More alliances could follow, according to Mazda CEO Takashi Yamanouchi. That could help the small Japanese automaker reduce the hefty expense of developing new products. Not that Mazda is waiting for assistance. It has been rolling out an assortment of new models, such as the well-reviewed CX-5 crossover.
It has also introduced a new concept, dubbed SkyActiv, that it claims can compete with the efficiency of rivals’ hybrid products.
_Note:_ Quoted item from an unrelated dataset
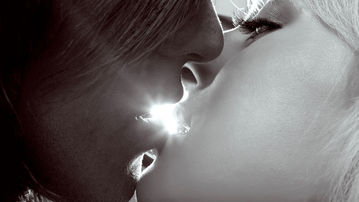 

Обои любовь влюбленные поцелуй

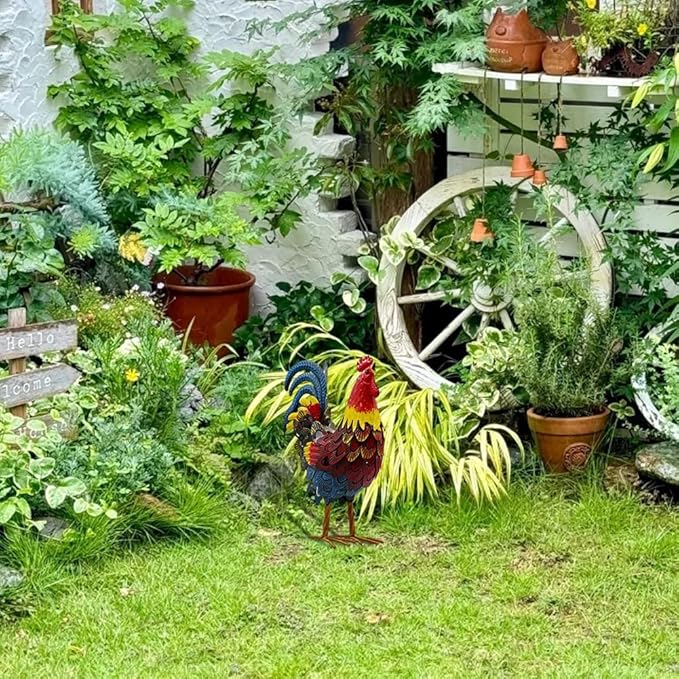 Metal Rooster Yard Decor,16 in Outdoor Chicken Statue Decoration for Patio Lawn Garden,3D Rooster Garden Statues,Chicken Yard Art Sculpture Outdoor Figurines,Metal Chicken Decor,1 Pcs (red)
At its heart, SkyActiv is a new approach to powertrain technology but it also entails steps Mazda engineers are taking to improve the overall efficiency of the maker’s vehicles, down to finding ways to reduce the weight of the lugnuts on the wheels of the new Mazda6.
The all-new version of the sedan will be offered with both the new SkyActiv gasoline and diesel powertrains.
Unfortunately for those who might opt for the SkyActiv-D, they’ll likely have a hard time finding the synthetic diesel Mazda will use on the race track. The renewable blend was developed by Dynamic Fuels, a 50/50 joint venture of Tyson Foods and Syntroleum, and it is being produced at a $150 million refinery which opened up near Baton Rouge, Louisiana two years ago.
Why Tyson? Because the maker has had to find ways to dispose of 1.5 million pounds of chicken, pork and beef products every single day. Now it can avoid the cost of dumping that offal and potential make some money from it. The refinery is producing about 75 million gallons of synthetic diesel annually and could ramp up to provide even more.
A number of refiners are working to come up with bio-fuels. The most readily available are ethanol blends. They’ve been controversial because, until now, most have used food stocks, such as corn – though newer, so-called cellulosic production methods can create the alcohol fuel from waste.
Many of the new bio-diesel blends use waste products – though a select number of filling stations near San Francisco recently began offering a blend created from algae.
Dynamic Fuels ultimately hopes to begin selling some of its synthetic diesel to the public and is shooting for a $5 a gallon price tag, notes Mazda’s U.S. CEO Jim O’Sullivan.
Some shuttle buses operated by Alamo and National Car Rental are already testing it on the street. And the U.S. Navy is also using the bio-diesel blend on some of its ships.
Those who buy the new Mazda6 with SkyActiv-D will have to settle for conventional, petroleum-based diesel fuel. But the maker is hoping that with a 14.5 gallon tank of distilled guts under its hood, the Mazda6 race car will dominate its field when the flag drops at Daytona on Saturday.